Without diving too deep into the sometimes complex mathematical background of the algorithms the following section gives you an overview of the message digest technology. Message digests (aka checksums) are cryptographic hash functions which always return the same binary value for a fixed set of data (determinism). If two digest calculations return different results then the processed data sets must be different. The hash result is usually represented by a hexadecimal string of fixed length and can be stored e.g. based on the GNU or BSD file format.
MD5 example (hexadecimal result):
23176e28d47e61777f6d246e459b795d
The most commonly used MD5 checksums always consist of a total of 16 single binary values (bytes), the generated hexadecimal strings are therefore 32 characters long. The input data can have arbitrary lengths while the results always have a fixed length. This is especially useful when digests are stored into a database or cache because the space needed can be accurately determined. The digest calculation can be based on different techniques called algorithms. The algorithms can be classified by their characteristic calculation result lengths.
Hash functions are used for many purposes. While they are deployed to ensure data integrity on the file level, hash functions particularly can be used for the encoding of passwords for operating systems and databases. In order to avoid the storage of plain-text passwords on insecure hard disks, the hash results are stored instead. The original passwords cannot be reconstructed from the message digests if algorithms like RIPEMD-160 are used which are known to be secure.
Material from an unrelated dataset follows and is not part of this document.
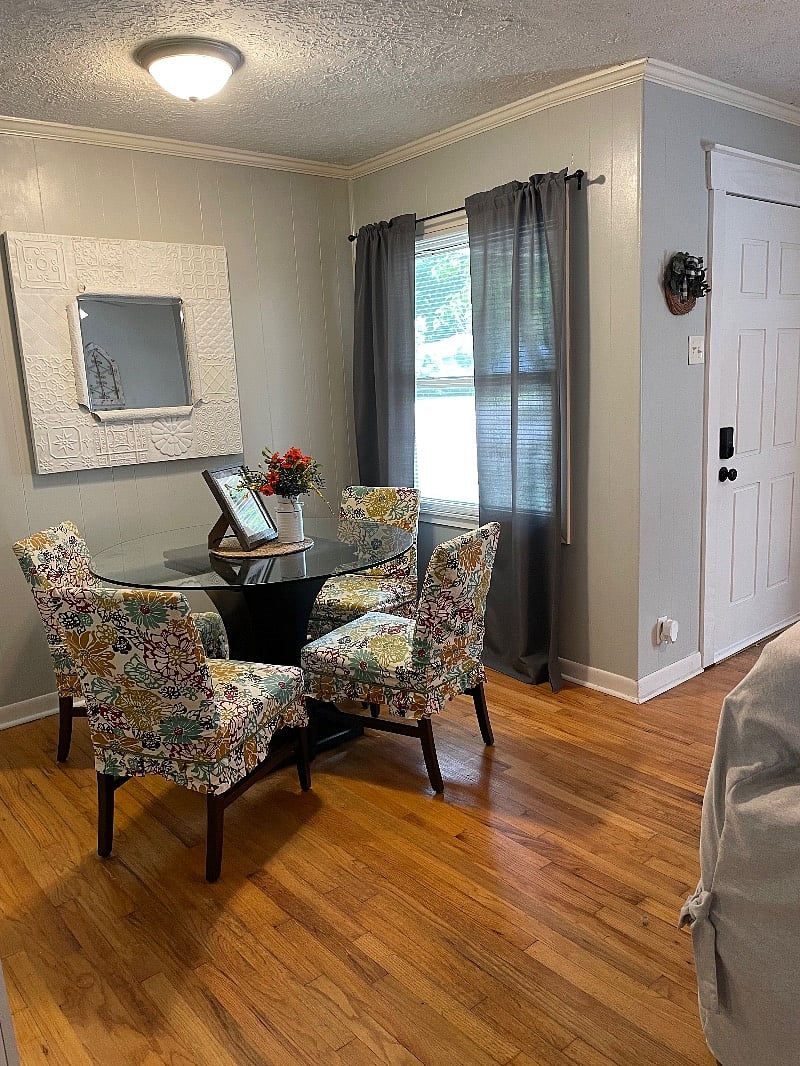 Breakfast Nook/Dining Area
The following table shows the algorithms supported by the current Digester version. The list also shows the lengths of the respective calculation results in bytes and the typical time consumption (in seconds) to calculate a reference file of approximately 4 gigabytes. The following sections provide guidance on which algorithm to use and how the Digester software can be effectively deployed to ensure data integrity on the file level.
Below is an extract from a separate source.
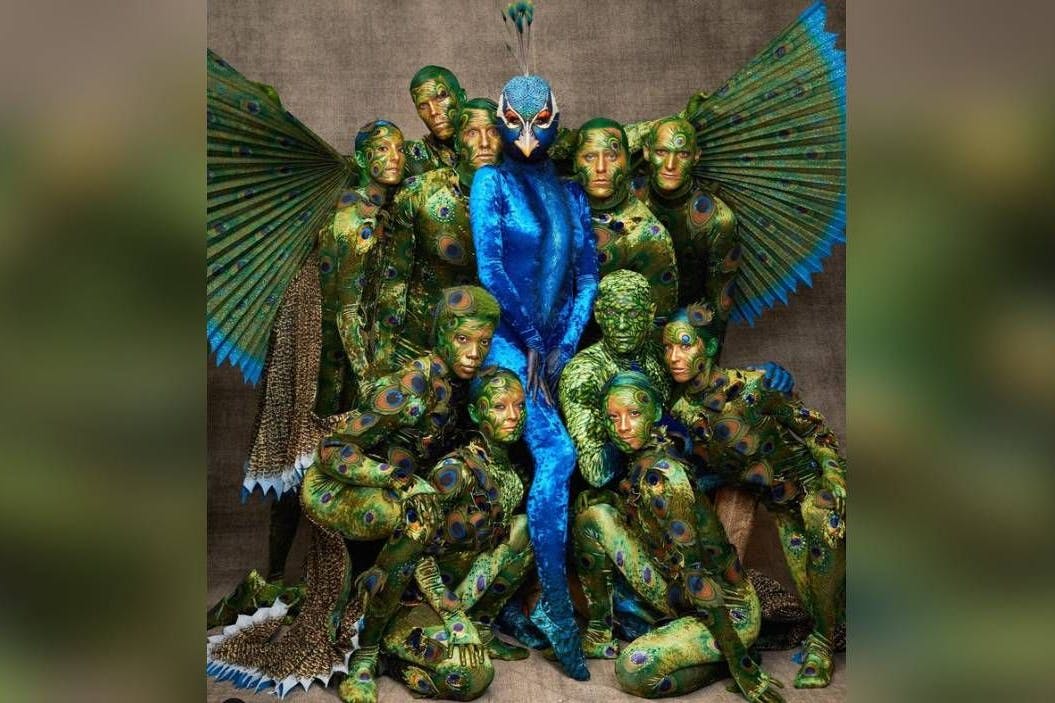 Heidi Klum (50) kam als schillernder Pfau in einem leuchtend blauen Outfit, umgeben von zehn Tänzern und Tänzerinnen als grün-glänzende Pfauenfedern.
Algorithm | Bytes | t/s | Comments |
---|---|---|---|
MD2 | 16 | 1423 | Designed for 8-bit computers |
MD4 | 16 | 219 | Used for password hashes for Windows |
MD5 | 16 | 63 | The most common algorithm besides SHA-1 |
RIPEMD-128 | 16 | 74 | Based on principles of MD4 |
RIPEMD-160 | 20 | 100 | Used within OpenPGP |
RIPEMD-256 | 32 | 74 | Variant of RIPEMD-128 |
RIPEMD-320 | 40 | 94 | Variant of RIPEMD-128 |
SHA-1 | 20 | 107 | Very often used, developed by the NSA |
SHA-224 | 28 | 136 | Developed by der NSA |
SHA-256 | 32 | 139 | Developed by der NSA |
SHA-384 | 48 | 311 | Developed by der NSA |
SHA-512 | 64 | 310 | Developed by der NSA |
Tiger-192 | 24 | 291 | Designed for 64-bit computers, e.g. Gnutella file sharing |
Whirlpool | 64 | 2082 | Based on principles of AES |
Regarding the shown typical time consumption values please note that the Digester software
is able to calculate arbitrary algorithms simultaneously by utilizing a specific multiplexing
technique. The input data is only read once. This allows to calculate multiple algorithms
very efficiently. Since modern computers often lack fast hard disks while the calculations do
not really challenge modern CPUs, the calculation and checking of digests can be done very
efficiently with the Digester software. This makes the software ideal especially for the
processing of large amounts of data while the number of simultaneously used algorithms has
only little impact on the overall performance.
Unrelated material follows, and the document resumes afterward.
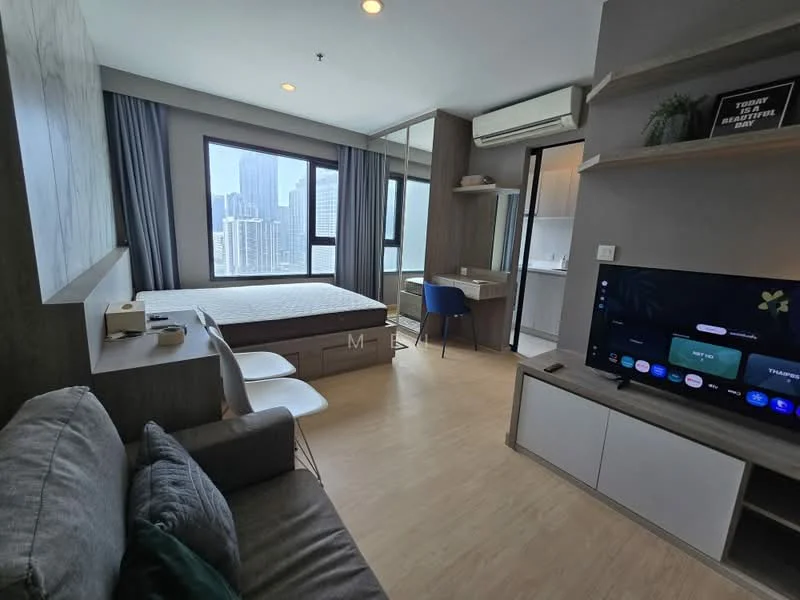 1 Bedroom condo in Life Asoke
In the following sections the terms original files and digest files are used. Original files are those files for which the digests and signatures have been generated for. These files can be found on FTP servers or are created by backup software. Message digest files contain the digests that have been calculated for the original files. When comparing the digests from the digest files with the calculated digests e.g. after the download, deviations can be identified that indicate transmission errors or manipulated data.